# Convert old emergency light to LED lightining.



## kool (Mar 6, 2012)

Guys,
I've 5 year old emergency light which has no use because of inverter in home, So its useless for me now, but twice a year i visit my village where very less power supply. *I want to convert this emergency light to LED lightning or for mobile  charging.*

Can i get tutorial?  

*www.bihartimes.in/giftshopee/happliances/EA-5.jpg


----------



## koolent (Mar 6, 2012)

*Re: ►► Convert old emergency light to LED lightining.*

Get a suitable adapter (for the tubes) and Stick those two tubes somewhere in your cabinet and make a Glowing cabinet and for other things please tell the *VOLTAGE OF THOSE TUBES*


----------



## kool (Mar 6, 2012)

*Re: ►► Convert old emergency light to LED lightining.*



koolent said:


> Get a suitable adapter (for the tubes) and Stick those two tubes somewhere in your cabinet and make a Glowing cabinet and for other things please tell the *VOLTAGE OF THOSE TUBES*



dont knw bro, i'll n tell.

But i want to utilize my emergency light for LED lighting.


----------



## koolent (Mar 6, 2012)

*Re: ►► Convert old emergency light to LED lightining.*

See, if we take a look at Power It is always DC from a battery..
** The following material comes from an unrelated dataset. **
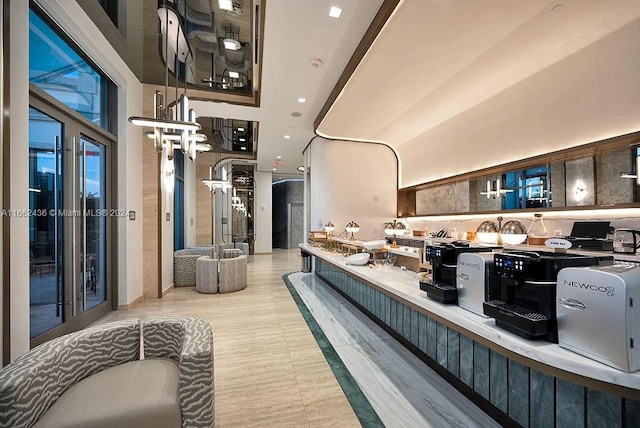 interior space featuring a high ceiling and dark brown cabinetry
If we get to know the voltage of the Tubes you were using (Must be written somewhere on them), we can easily determine the voltage of output of your battery, Then we can connect A number of LED s to your battery or to the place where your tubes were fixed to make up the voltage..

Ex: If its a 12V battery, we can attach 6 2V LED s to it and they all will glow at their full potential..


----------



## kool (Mar 7, 2012)

*Re: ►► Convert old emergency light to LED lightining.*

I think it must be 6v


----------



## koolent (Mar 7, 2012)

*Re: ►► Convert old emergency light to LED lightining.*

Attach 3 2V LED s to each of them then and form a neat setup..


----------



## koolent (Mar 10, 2012)

*Re: ►► Convert old emergency light to LED lightining.*

OP is not responding to this threads MODS Please close this thread or do the needful..


----------



## mastercool8695 (Apr 6, 2012)

*Re: ►► Convert old emergency light to LED lightining.*

whats OP??
and should we connect them in series or parallel ??
please elaborate..


----------



## pramudit (Apr 6, 2012)

*Re: ►► Convert old emergency light to LED lightining.*

in series...
in series voltage for each led will be 6/n where 6 is battery voltage and n is number of led...
in parallel each led will have 6v potential difference or voltage....


----------



## mastercool8695 (Apr 9, 2012)

*Re: ►► Convert old emergency light to LED lightining.*

thanks...


----------



## bhvm (May 28, 2014)

I've done that and I'm willing to help.let me know if you're still intersted. I have the same orpat lantern.


----------



## TechnoBOY (May 18, 2015)

*Re: ►► Convert old emergency light to LED lightining.*



mastercool8695 said:


> whats OP??
> and should we connect them in series or parallel ??
> please elaborate..


Original poster


----------



## icebags (May 18, 2015)

last two posts are some epic necros. we hope op sorted it out already.


----------



## mastercool8695 (May 22, 2015)

icebags said:


> last two posts are some epic necros. we hope op sorted it out already.



what are necros ?
haha. a reply after 1 year.


----------



## icebags (May 23, 2015)

mastercool8695 said:


> what are necros ?


its this :

Necro



Spoiler



practically means bringing back a thread from dead.


----------